DATA:

_ _ _

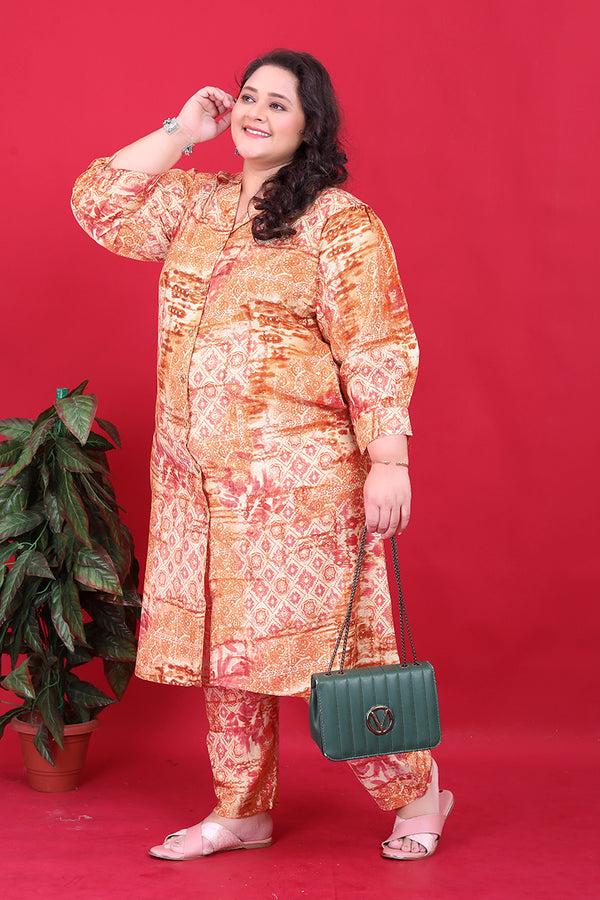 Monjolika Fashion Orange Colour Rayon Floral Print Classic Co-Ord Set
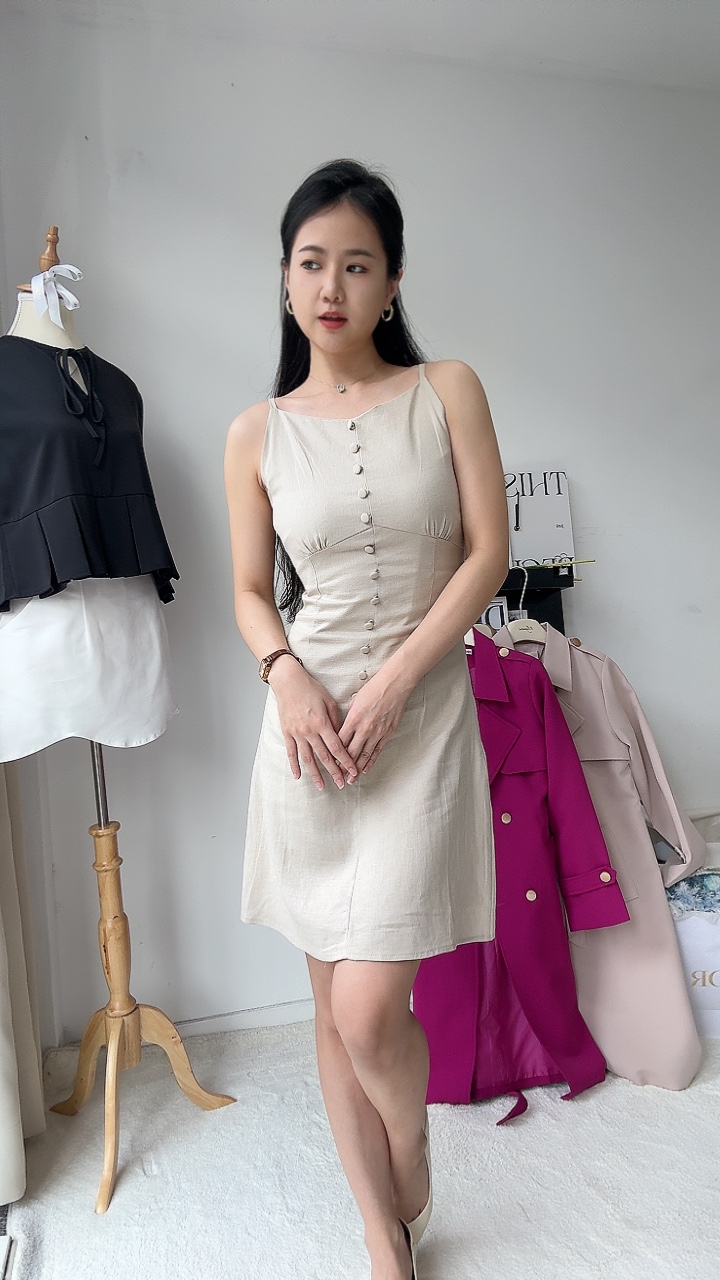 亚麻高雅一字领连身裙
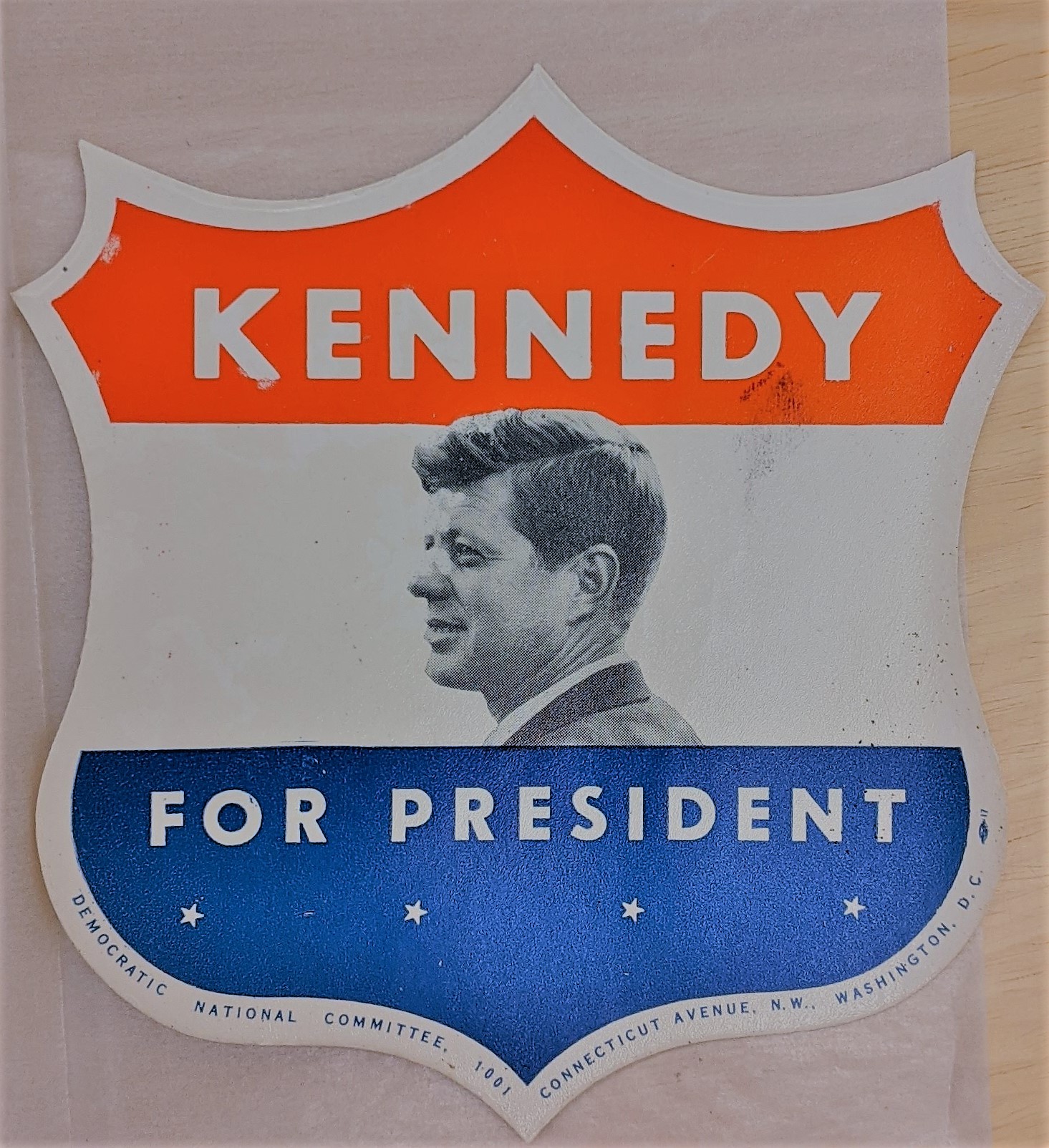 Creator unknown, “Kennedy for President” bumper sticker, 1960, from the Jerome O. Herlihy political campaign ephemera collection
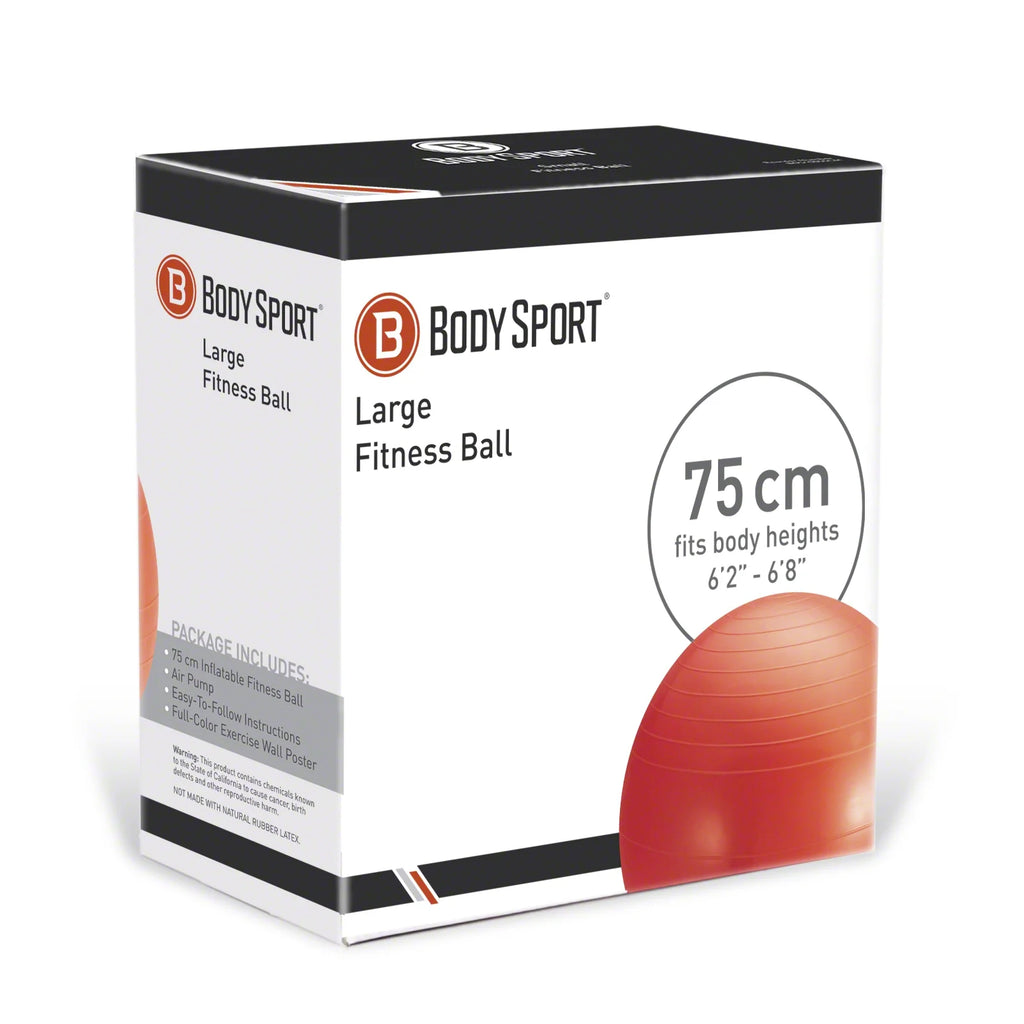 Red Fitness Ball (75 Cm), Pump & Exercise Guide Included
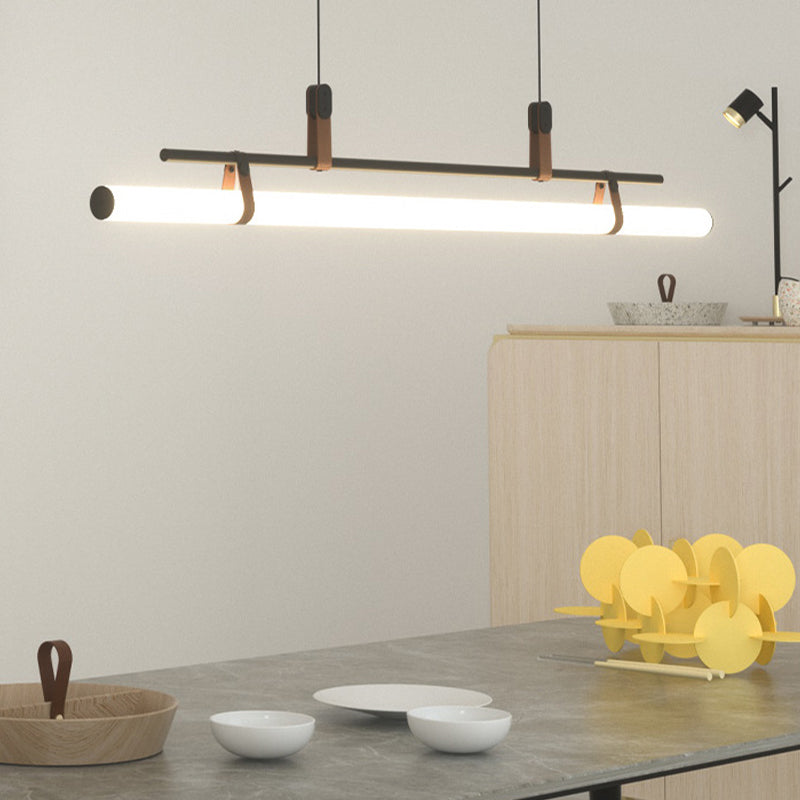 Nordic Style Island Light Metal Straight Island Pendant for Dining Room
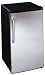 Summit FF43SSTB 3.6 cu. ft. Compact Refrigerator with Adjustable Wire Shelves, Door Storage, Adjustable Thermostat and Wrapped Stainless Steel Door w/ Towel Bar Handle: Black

_ _ _

WHAT TO PRODUCE: When you reproduce the entries above, keep every word exactly and leave out each picture.

TASK RESPONSE:
 Monjolika Fashion Orange Colour Rayon Floral Print Classic Co-Ord Set
 亚麻高雅一字领连身裙
 Creator unknown, “Kennedy for President” bumper sticker, 1960, from the Jerome O. Herlihy political campaign ephemera collection
 Red Fitness Ball (75 Cm), Pump & Exercise Guide Included
 Nordic Style Island Light Metal Straight Island Pendant for Dining Room
 Summit FF43SSTB 3.6 cu. ft. Compact Refrigerator with Adjustable Wire Shelves, Door Storage, Adjustable Thermostat and Wrapped Stainless Steel Door w/ Towel Bar Handle: Black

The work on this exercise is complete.